To do
Output exactly the lines of the listing below that run from the line with "V Neck Flower Embroidered Puff Sleeve Blouse" through the line with "Techzoo 50 Pack". No pictures.

Information given

━━━━━━━━

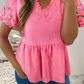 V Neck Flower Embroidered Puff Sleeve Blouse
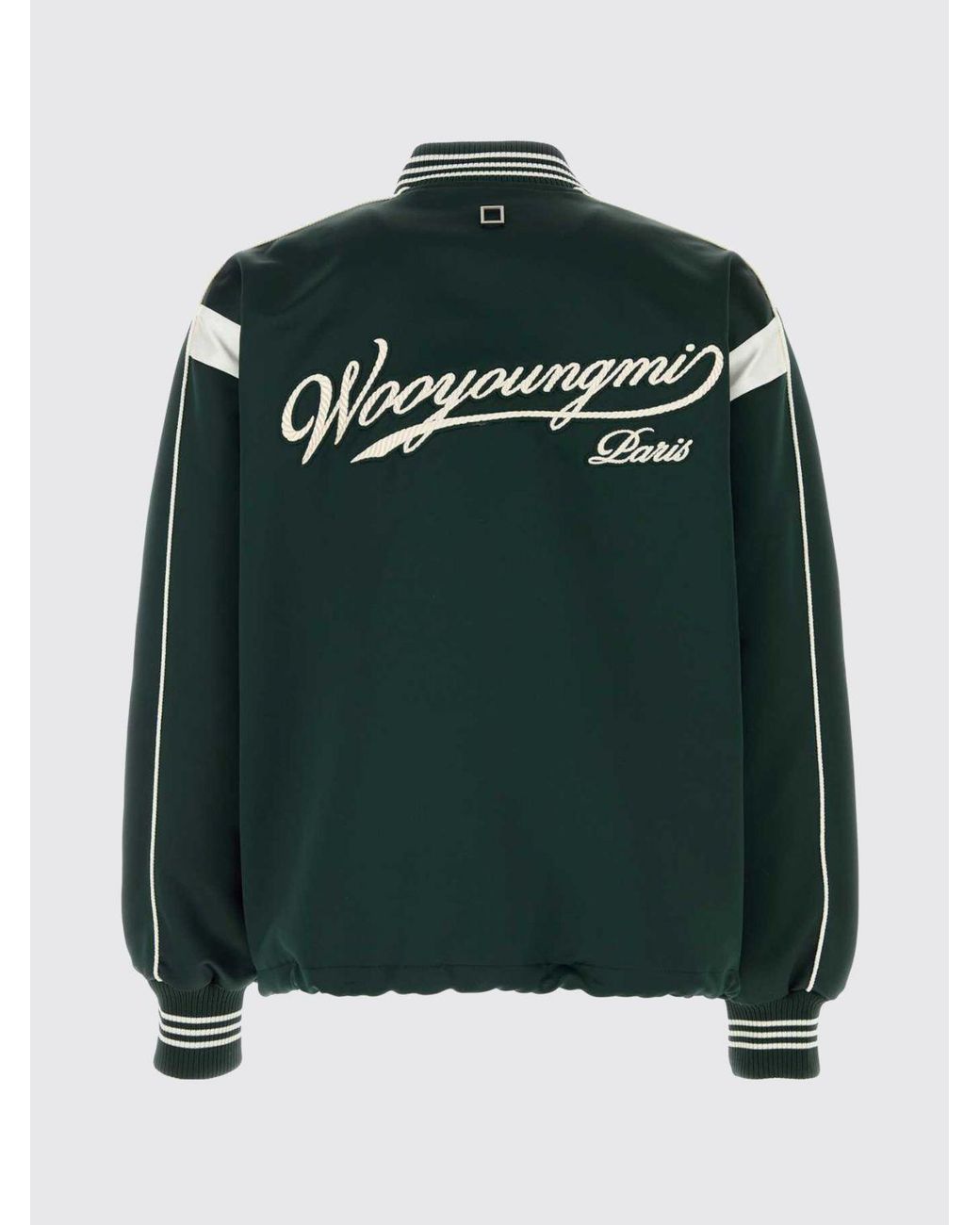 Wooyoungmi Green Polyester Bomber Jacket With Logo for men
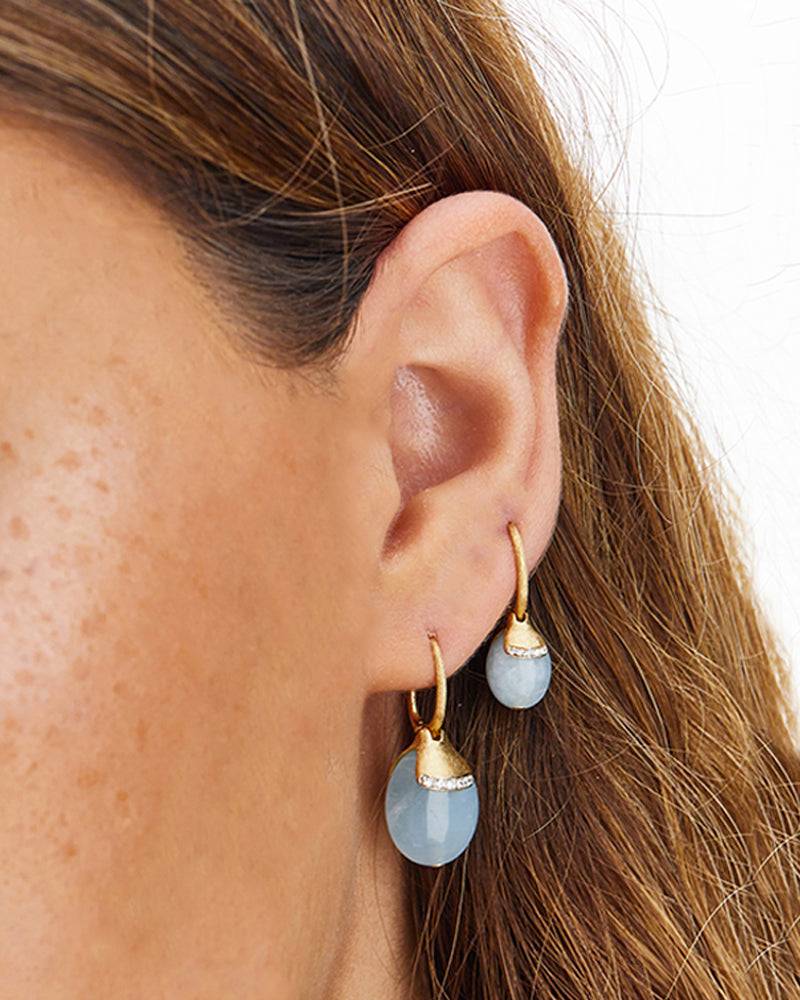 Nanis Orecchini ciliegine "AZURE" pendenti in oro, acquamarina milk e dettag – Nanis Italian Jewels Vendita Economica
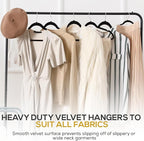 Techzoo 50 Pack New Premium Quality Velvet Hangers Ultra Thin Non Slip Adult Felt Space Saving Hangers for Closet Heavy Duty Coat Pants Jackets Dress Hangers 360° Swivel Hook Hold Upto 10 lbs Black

━━━━━━━━

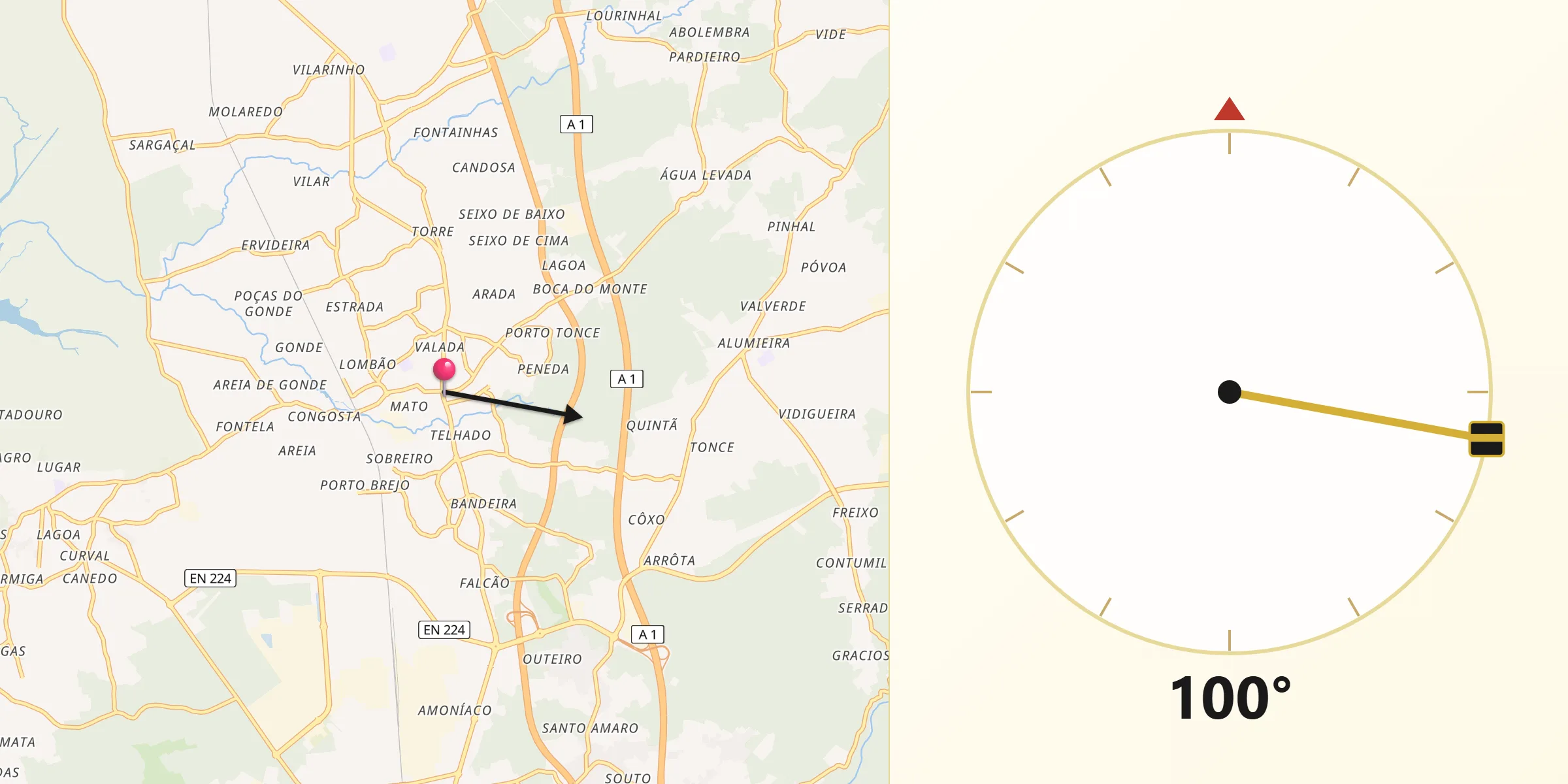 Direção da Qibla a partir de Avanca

━━━━━━━━

Exercise answer
 V Neck Flower Embroidered Puff Sleeve Blouse
 Wooyoungmi Green Polyester Bomber Jacket With Logo for men
 Nanis Orecchini ciliegine "AZURE" pendenti in oro, acquamarina milk e dettag – Nanis Italian Jewels Vendita Economica
 Techzoo 50 Pack New Premium Quality Velvet Hangers Ultra Thin Non Slip Adult Felt Space Saving Hangers for Closet Heavy Duty Coat Pants Jackets Dress Hangers 360° Swivel Hook Hold Upto 10 lbs Black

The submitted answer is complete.